2. While some of the facts are understandably a bit murky at this extremely early stage of the case, it appears that at a certain point during the summer the father enrolled Plaintiffs in Bayard Middle School ("Bayard") in Christina. (D.I. 9 at ¶¶ 5-6) Since the current school year began, Plaintiffs have attended Skyline for one day and Bayard for two weeks; otherwise, they have not attended school. (Id. at ¶¶ 9-10, 12) Most recently, apparently sometime last week, Plaintiffs' mother moved them from their father's residence to the residence of their godmother, which is located in the Colonial School District ("Colonial"). (D.I. 11-2)

3. Of crucial importance is the fact that Plaintiffs' mother and father share joint custody of the children. (D.I. 11, Ex. A) Sadly, the parents are not in agreement as to the best school for their children to attend. The mother wants Plaintiffs to attend Skyline (and there is indication that Plaintiffs themselves prefer Skyline) (id. at ¶¶ 11-15, 42), while the father wants them to attend Bayard (D.I. 9 at ¶ 14).
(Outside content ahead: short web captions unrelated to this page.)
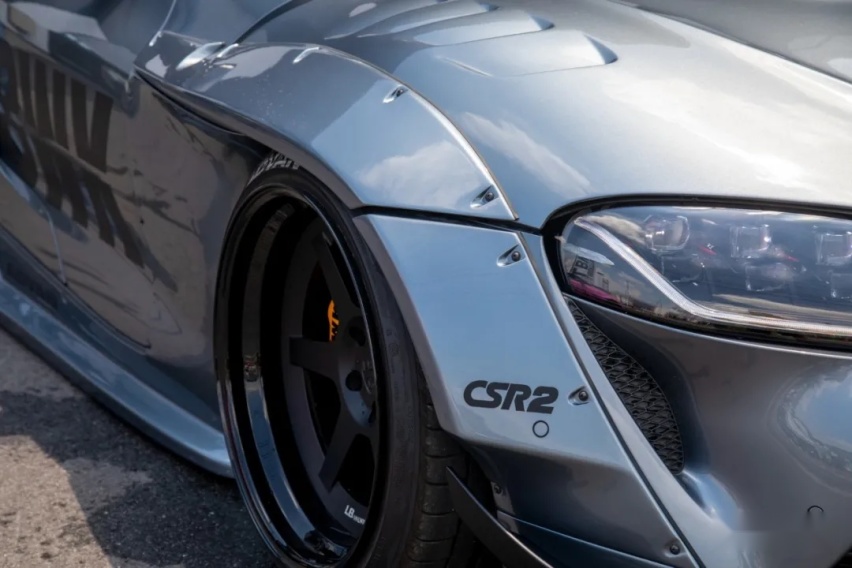 63万拿下3000公里的准新丰田Supra，还能送全套LB套件+气动？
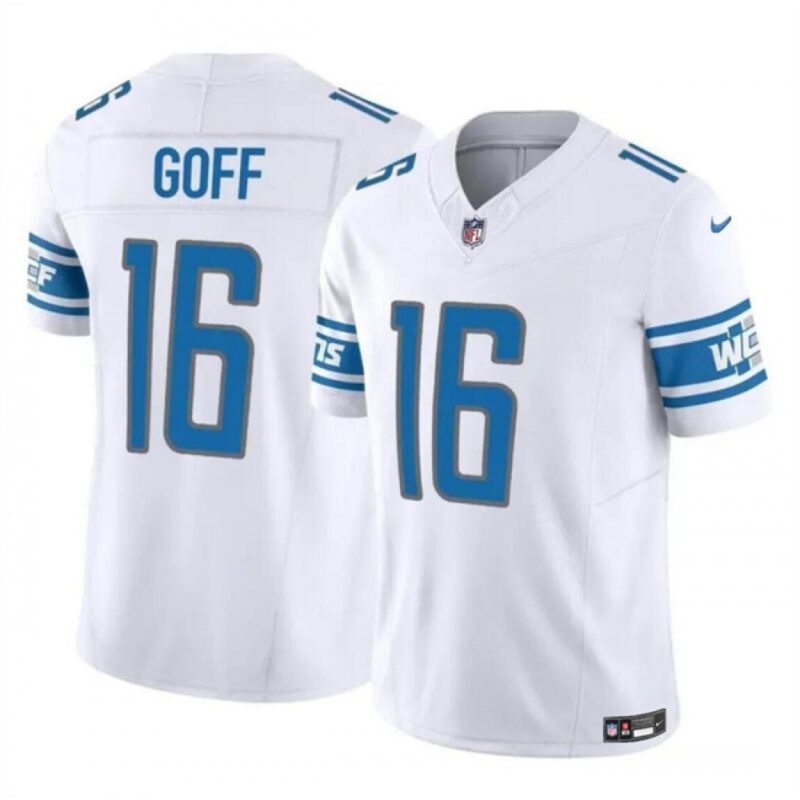 68621bad77ce4_1 Men's Detroit Lions #16 Jared Goff White 2023 F.U.S.E. Vapor Untouchable Limited Stitched Jersey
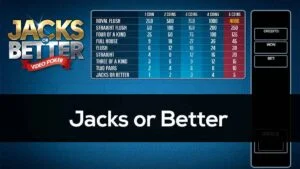 Jacks or Better Game from TLM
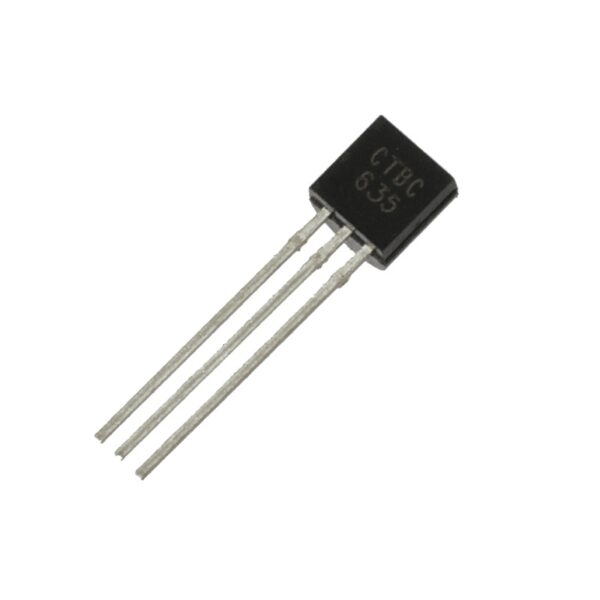 BC635 NPN High Current Transistor 45V 1A Package TO-92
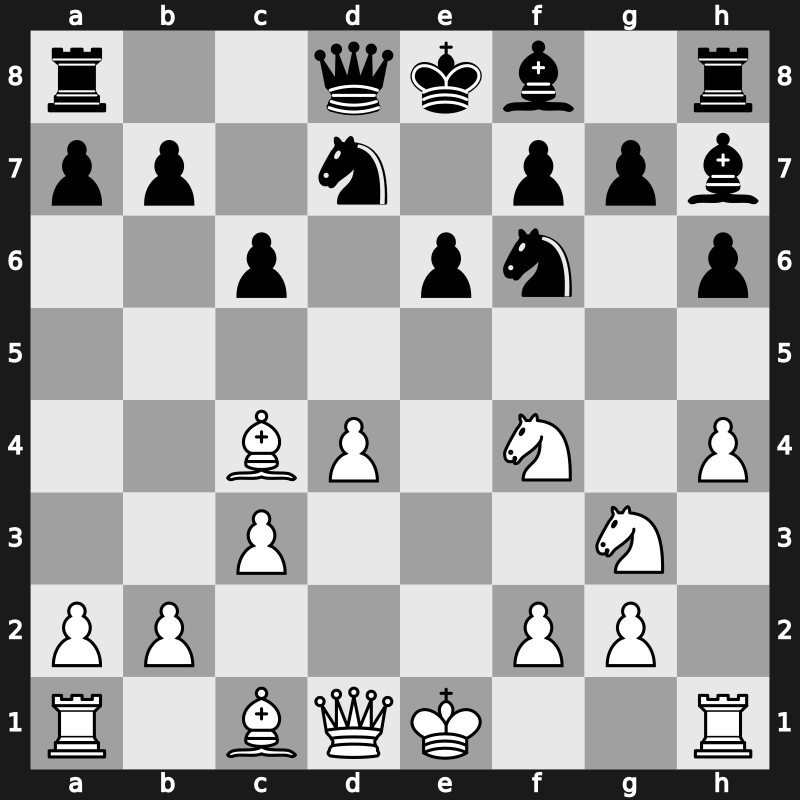 Tal Memorial Blitz 2008 – Round 26 – Ponomariov, Ruslan – 1-0 – Karpov, Anatoly – G217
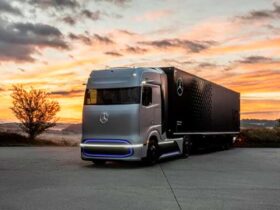 Mercedes-Benz GenH2 Truc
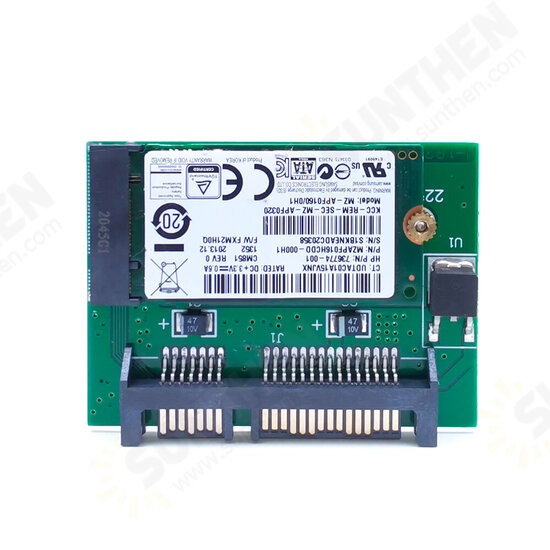 M.2 2242 to 2.5inch SATA3 SSD Solid State Drive Adapter Card Hard Disk Adapter Board Converter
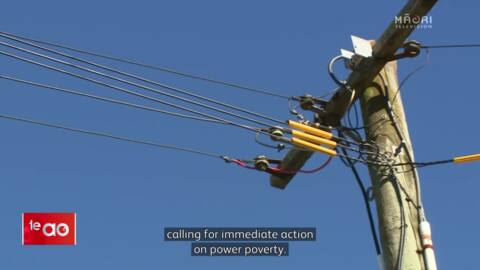 Video for  Māori power company cuts whānau&#039;s bills in half - but can&#039;t take on more customers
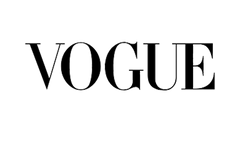 Vogue magazine logo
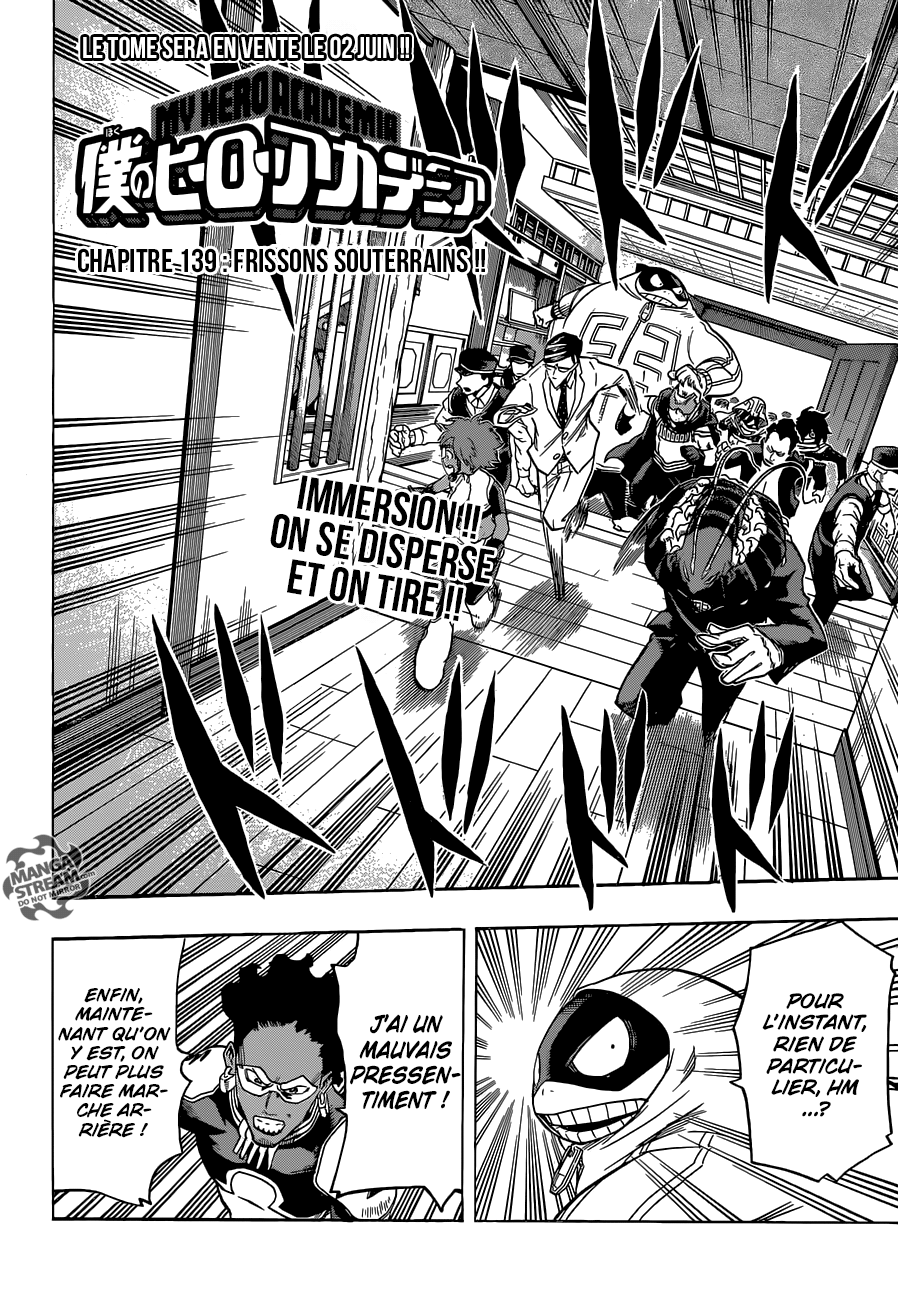 Read My Hero Academia fr Manga Online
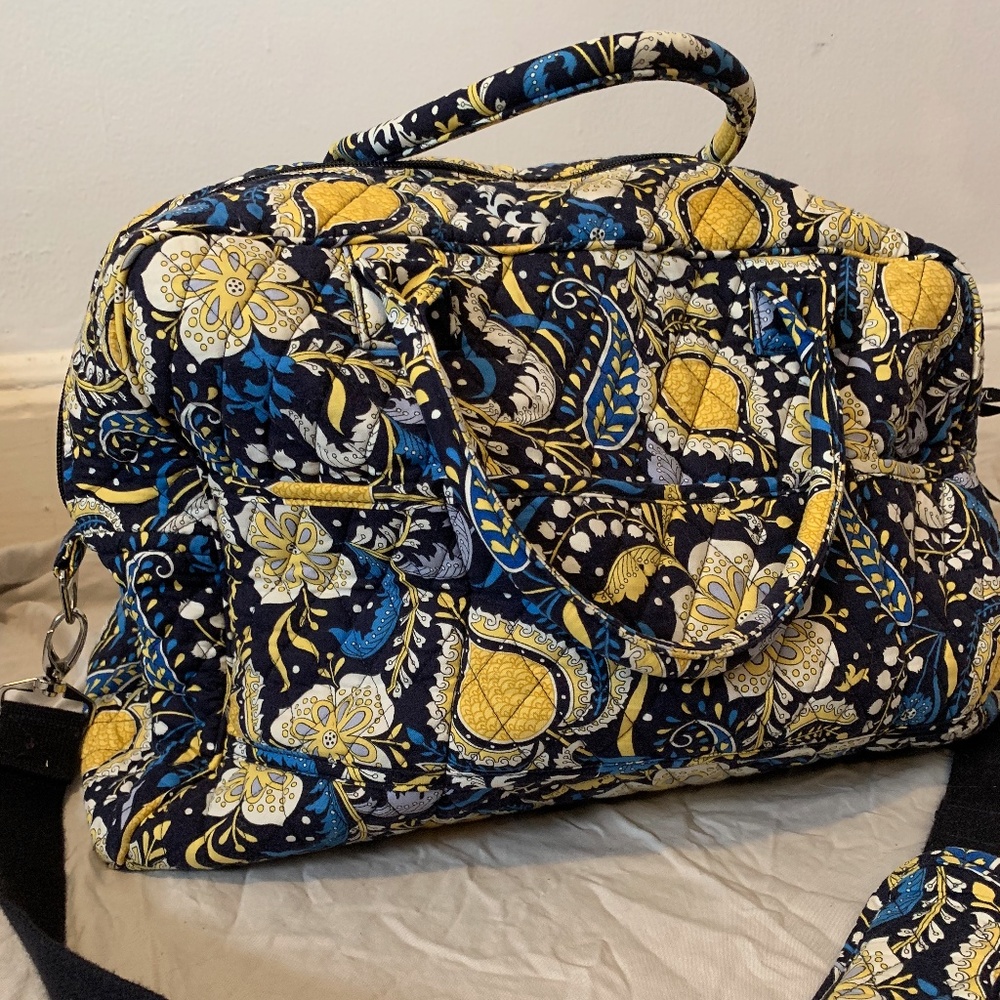 Vera Bradley Weekender Duffel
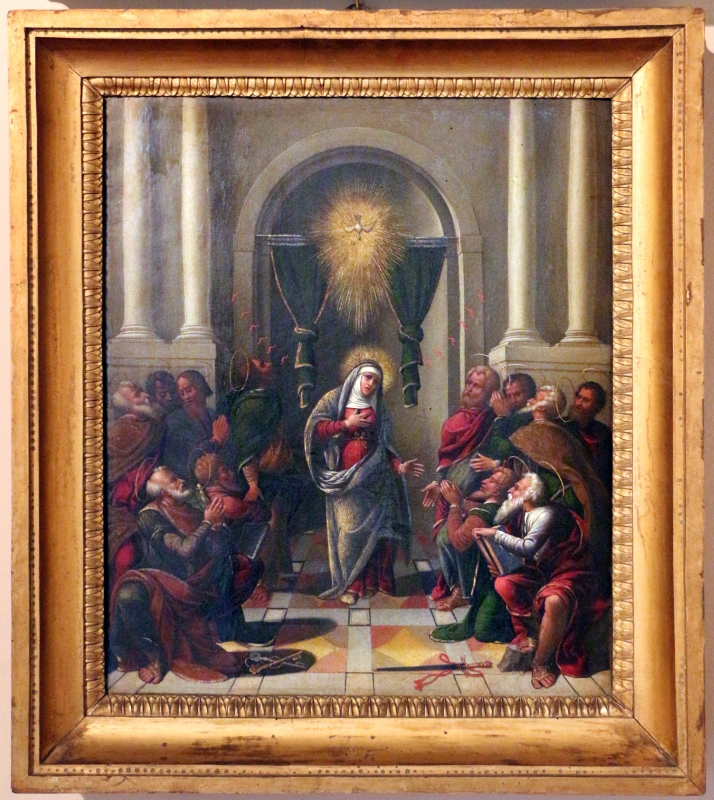 Maestro dei dodici apostoli, pentecoste, ferrara 1539 - Sailko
4. The Court has decided to deny the requested temporary restraining order and preliminary injunction because Plaintiffs have failed to meet their burden to show that they are entitled to the "extraordinary remedy" they seek. NutraSweet Co. v. Vit-Mar Enters., Inc., 176 F.3d 151, 153 (3d Cir. 1999). In assessing Plaintiffs' request for this rarely-granted relief, the. Court is required to consider four factors:

(1) whether the movant has shown a reasonable probability of success on the merits; (2) whether the movant will be irreparably injured by denial of relief; (3) whether granting preliminary relief will result in even greater harm to the nonmoving party; and (4) whether granting the preliminary relief will be in the public interest.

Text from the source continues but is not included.